I presume you are referring to this:
[https://plus.google.com/111588569124648292310/posts/SeBqgN9Z...](https://plus.google.com/111588569124648292310/posts/SeBqgN9Zoiu)

That's Randall Munroe's note on gender being public in Google+, which spurned
a lot of discussion online, for those who haven't come across it yet.

------
tonfa
I wonder why it smells like the previous PR campaign... They quote terms from
the ToS, which are industry standard (you obviously need to have the right to
display and store the data to run the service).

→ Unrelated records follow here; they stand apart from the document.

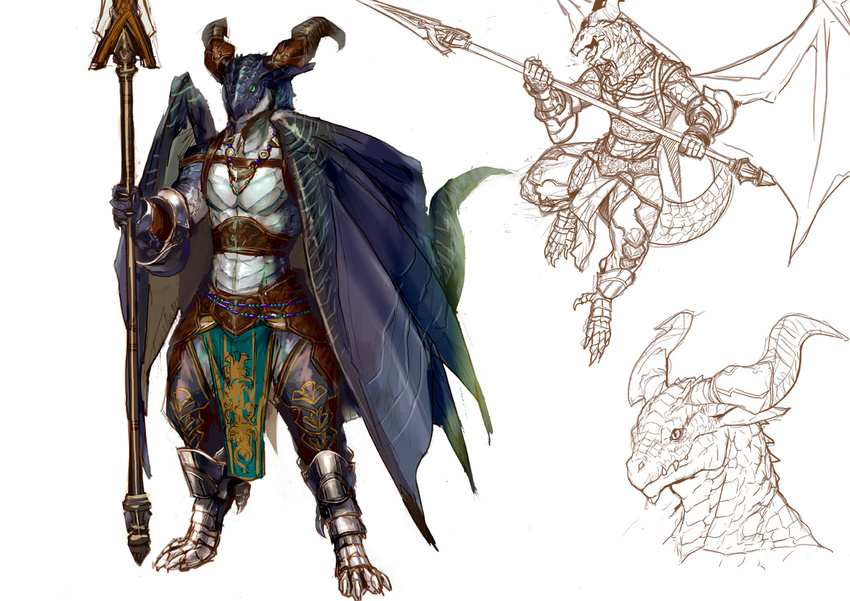 2011 afd-yred anthro armor blue_eyes blue_scales claws clothed clothing dragon horn male melee_weapon open_mouth polearm scales scalie simple_background slit_pupils solo spear teeth toe_claws tongue weapon white_background white_scales wings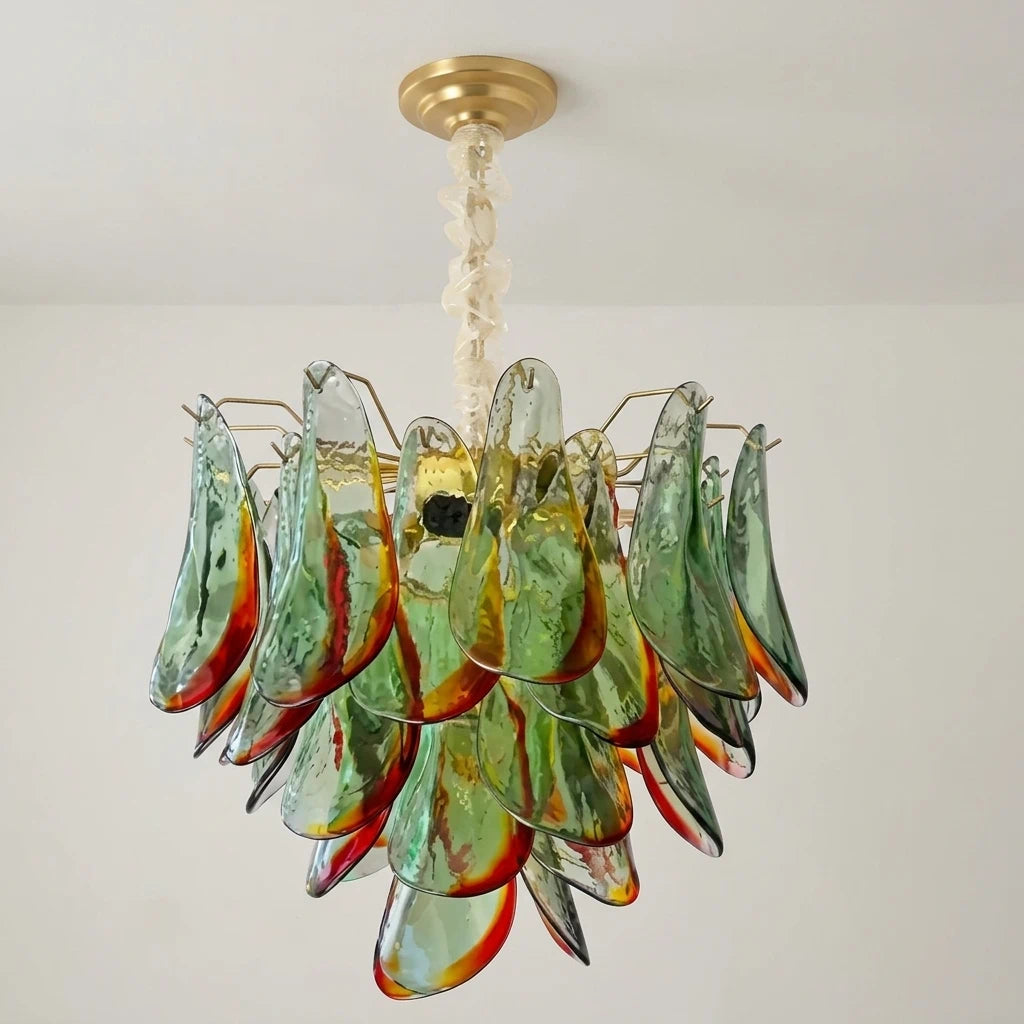 Marielle Murano-Style Green Glass Petal Chandelier Postmodern Multi-Layered Luxury Pendant Light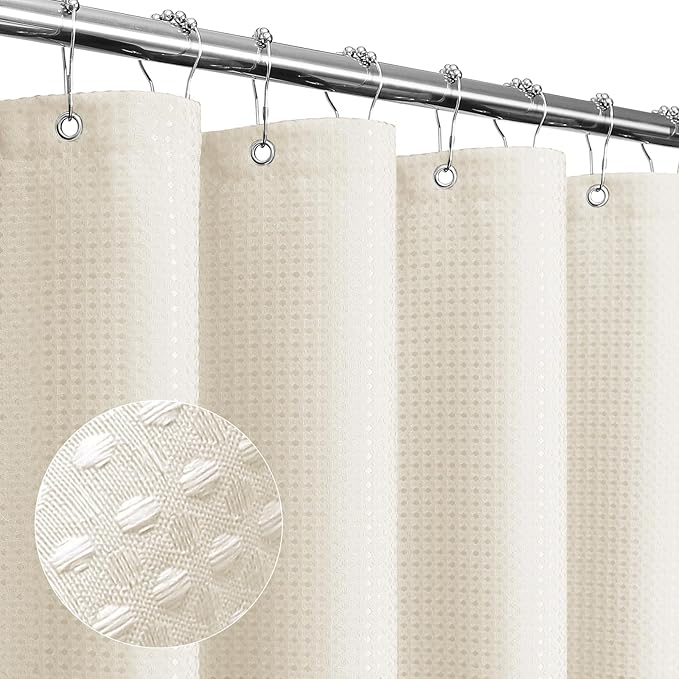 Gibelle Ivory Shower Curtain, Waffle Weave Textured Fabric Shower Curtain for Bathroom - Soft Cloth & Hotel Spa Luxury, Water Repellent, Machine Washable, 72X72, Ivory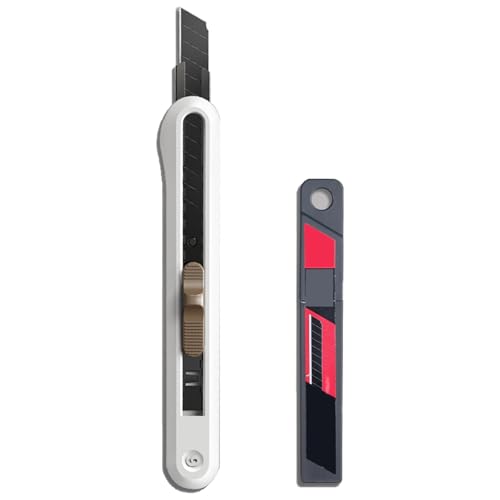 Navaja Multiusos Retráctil, Cortador de Cajas Seguro for Envolver Regalos Navideños, Diseño Duradero y Bonito: Perfecto for El Hogar, La Oficina y Las Manualidades(White)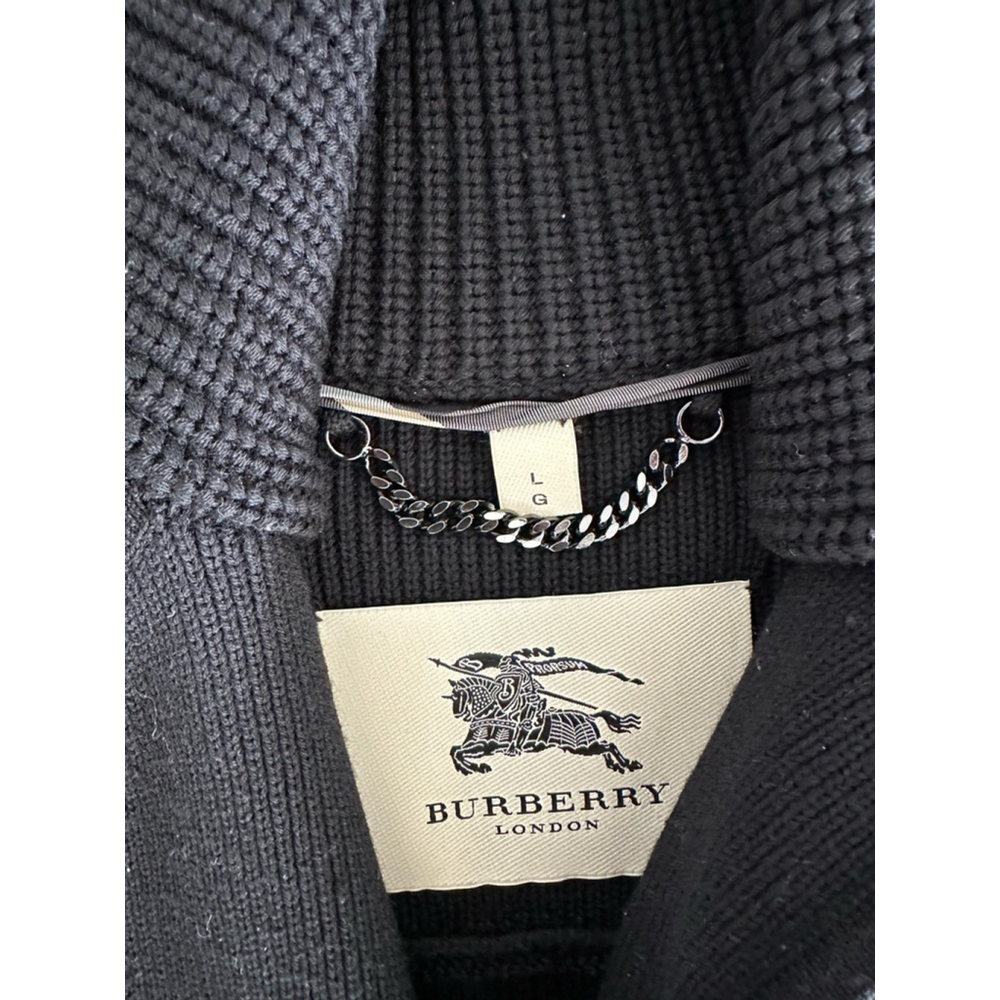 Women's Burberry Knit Jacket Size L Black - Picture 4 of 13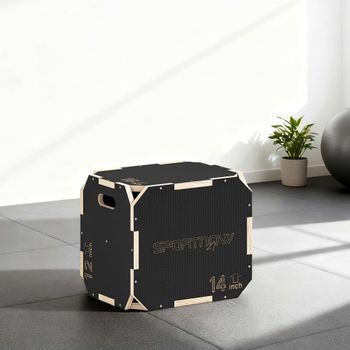 Cajón Pliométrico Sportnow Madera Contrachapada, 41x36x31 Cm, Negro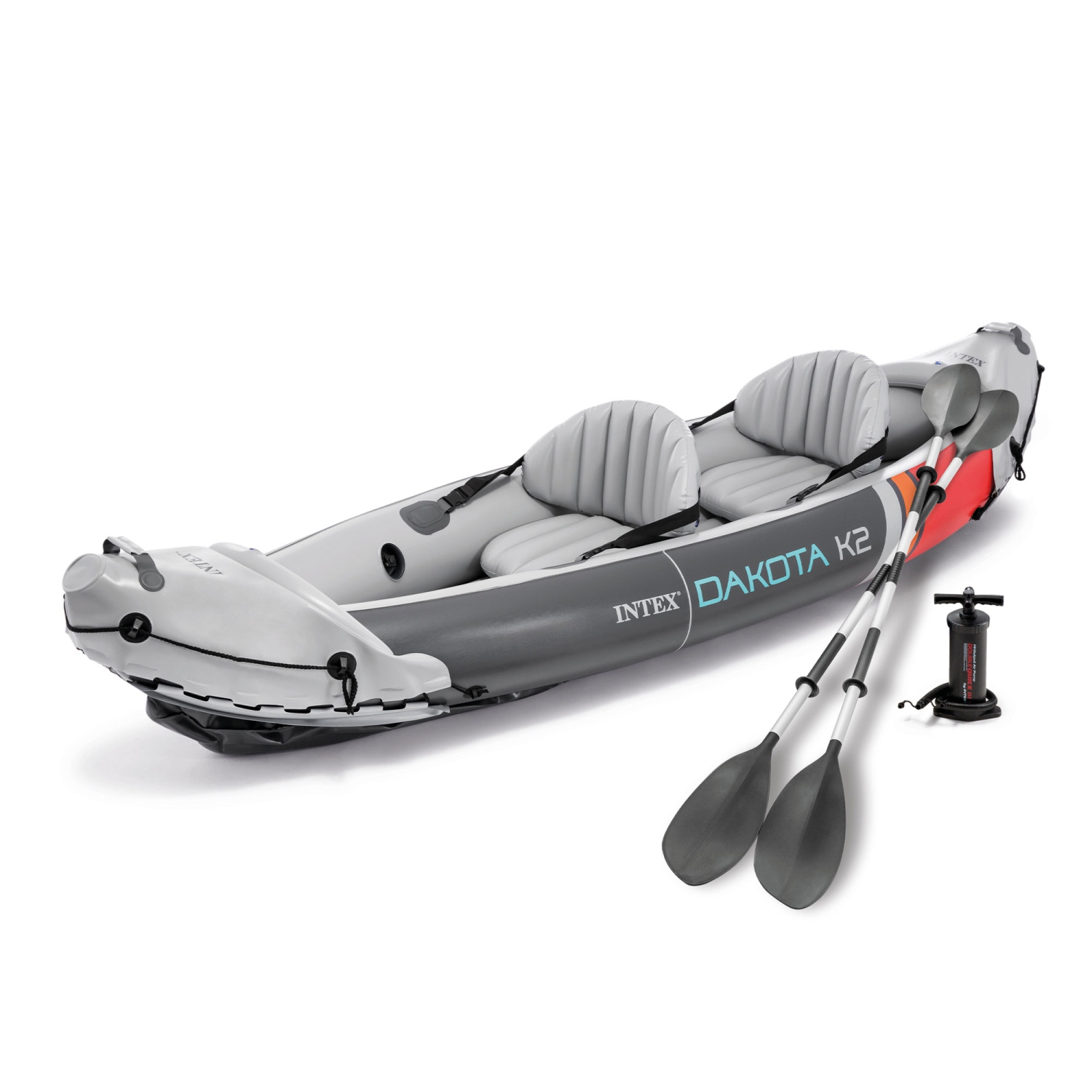 Kayak gonflable en vinyle pour 2&nbsp;personnes Dakota K2 d'Intex avec trousse d'accessoires, rames et pompe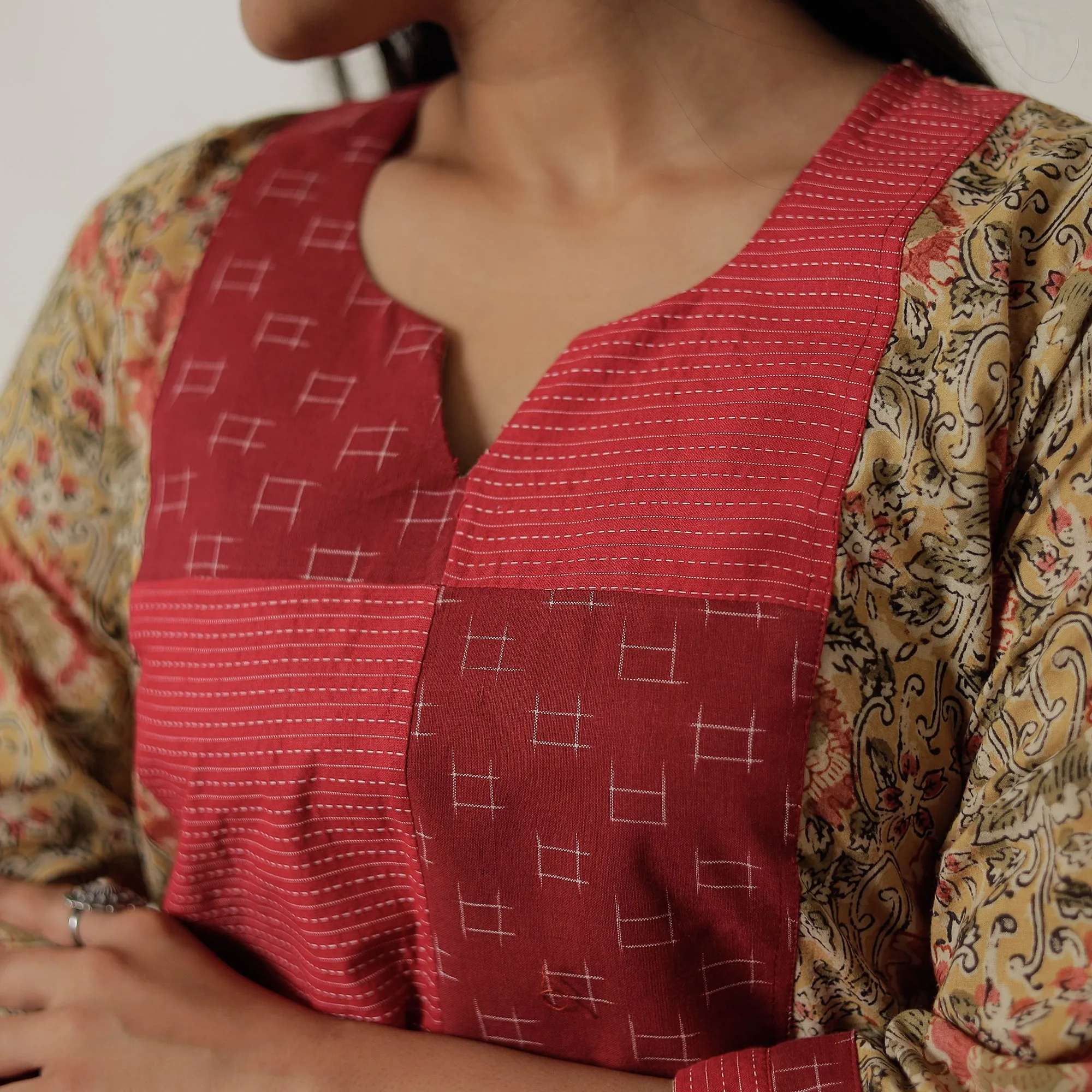 Yellow - Pedana Kalamkari Block Printed Cotton Straight Kurta with Patchwork 01 sold by Itokri product image thumbnail 4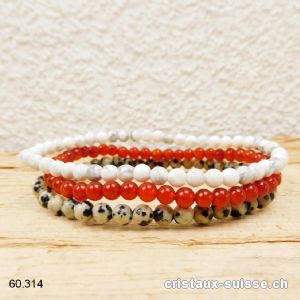 3 bracelets - REMISE EN FORME -Magnésite, Cornaline, Jaspe Dalmatien. OFFRE SPÉCIALE
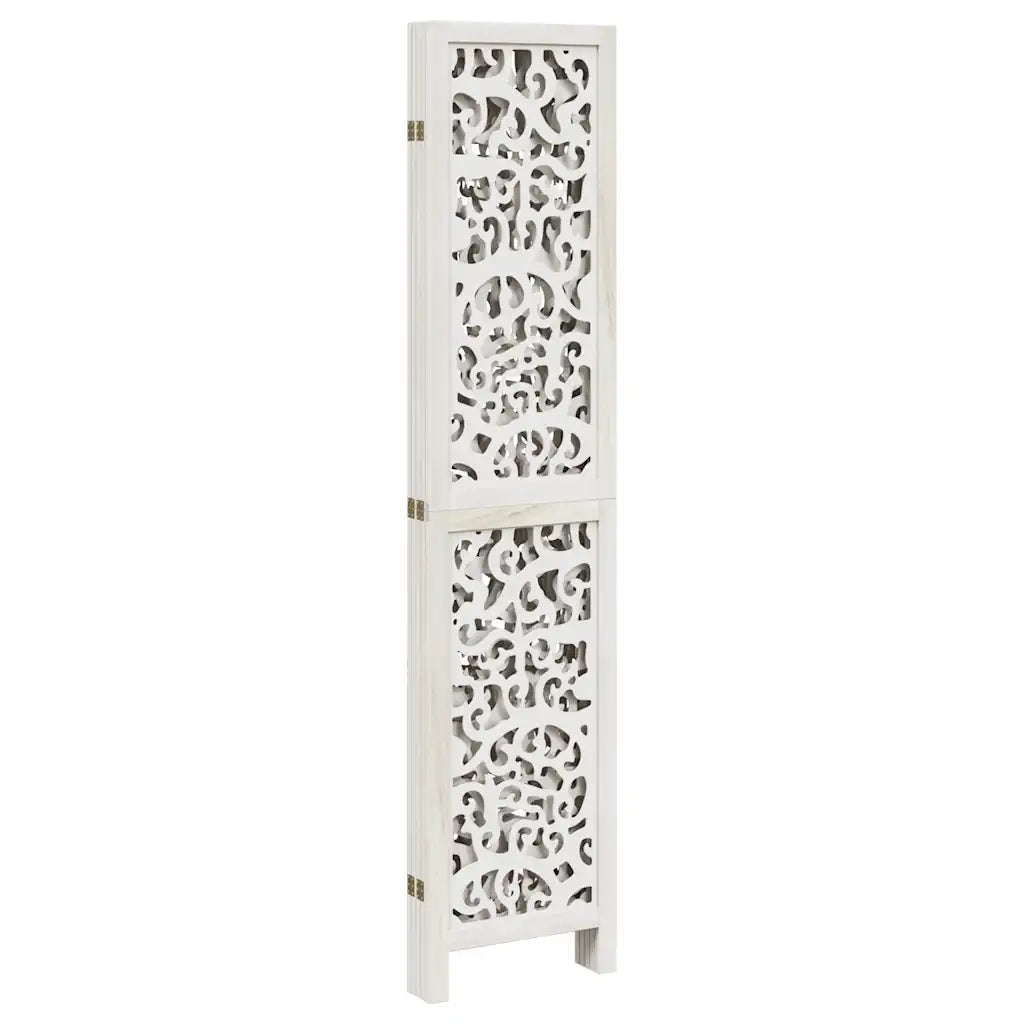 Divisorio Ambienti 5Pannelli Bianco Legno Massello di Paulownia 358742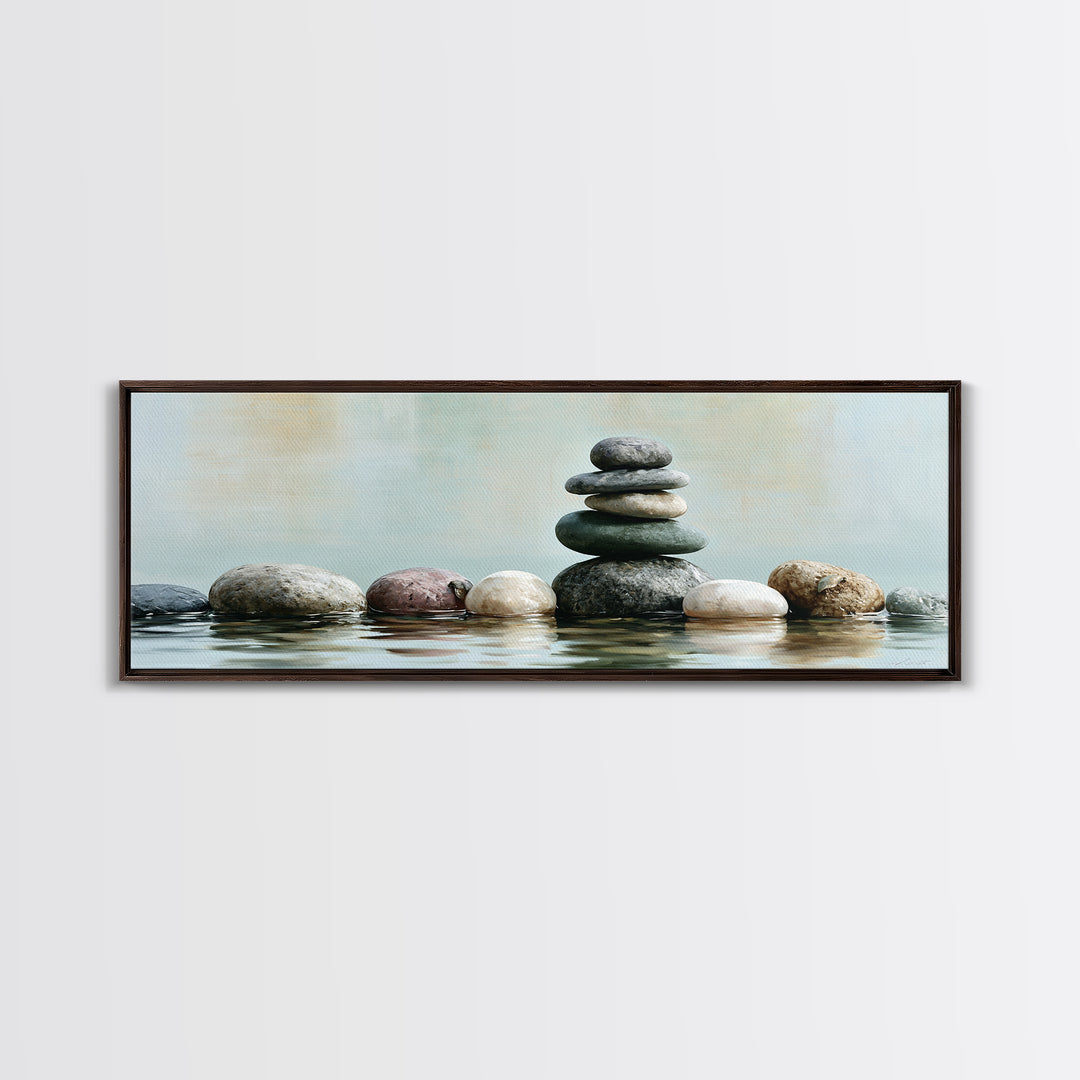 Stacked Stones Beside Calm Water Canvas Print, Spa Art, Wildlife Wall Art, Spa Decor, Watercolor Art, Serenity, SPA-3x1-65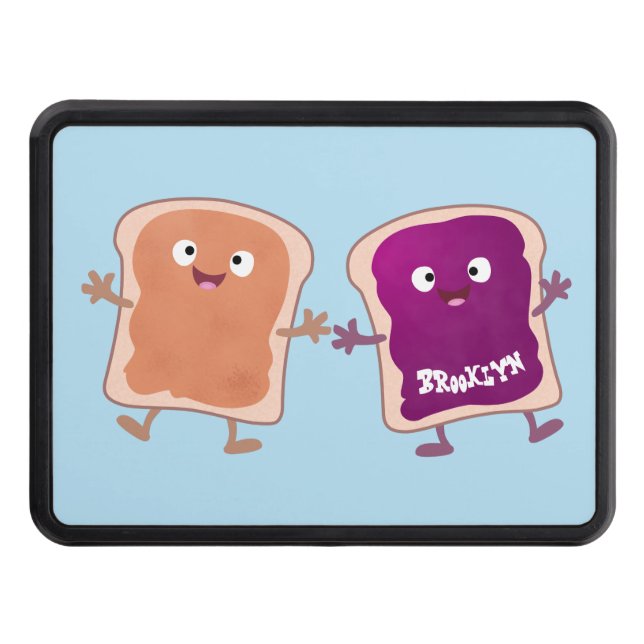 Cute peanut butter and jelly sandwich cartoon trailer hitch cover (Front)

Also I fail to see what's wrong here: "Posts and other content shared by or
with you [...] may be visible on your profile to those with whom that content
has been shared." Of course the content will be visible by the people I shared
it with.

------
JonnieCache
We did this one literally last week:
<http://news.ycombinator.com/item?id=2721905>

Those ToS are standard for all user generated content sites. They are required
for google to provide those services.

All his other points amount to "people might get confused and hurt themselves"
and that's no argument. With that logic, we shouldn't have access to spoons,
let alone social networking.

------
tilt
Does the author even have a Google+ account? Or has he checked the "Profile
and privacy" tab at least?

"Search results

 _Your name and any other fields you make public in your profile are
searchable on the web and may appear in Google Search results._ "

"Public profile information

 _You choose what information in your profile you want to make visible to
specific individuals, to circles, or to everyone_ "

That's the whole point of Circles... You're asked to setup these settings for
every single field...

Yeah I know PR is the way they build from the ground up but I really hope this
is not the way FB wants to fight back...

Put your face on "admin" "in Products", every other single post has a real
name behind it...

------
MetaMan
I spotted this clause as well

“By submitting, posting or displaying the content you give Google a perpetual,
irrevocable, worldwide, royalty-free, and non-exclusive license to reproduce,
adapt, modify, translate, publish, publicly perform, publicly display and
distribute any Content which you submit, post or display on or through, the
Services.”

Legally then google can do anything they like with your content, whether you
made it private to a few friends only or completely public. You just have to
trust them. Scary!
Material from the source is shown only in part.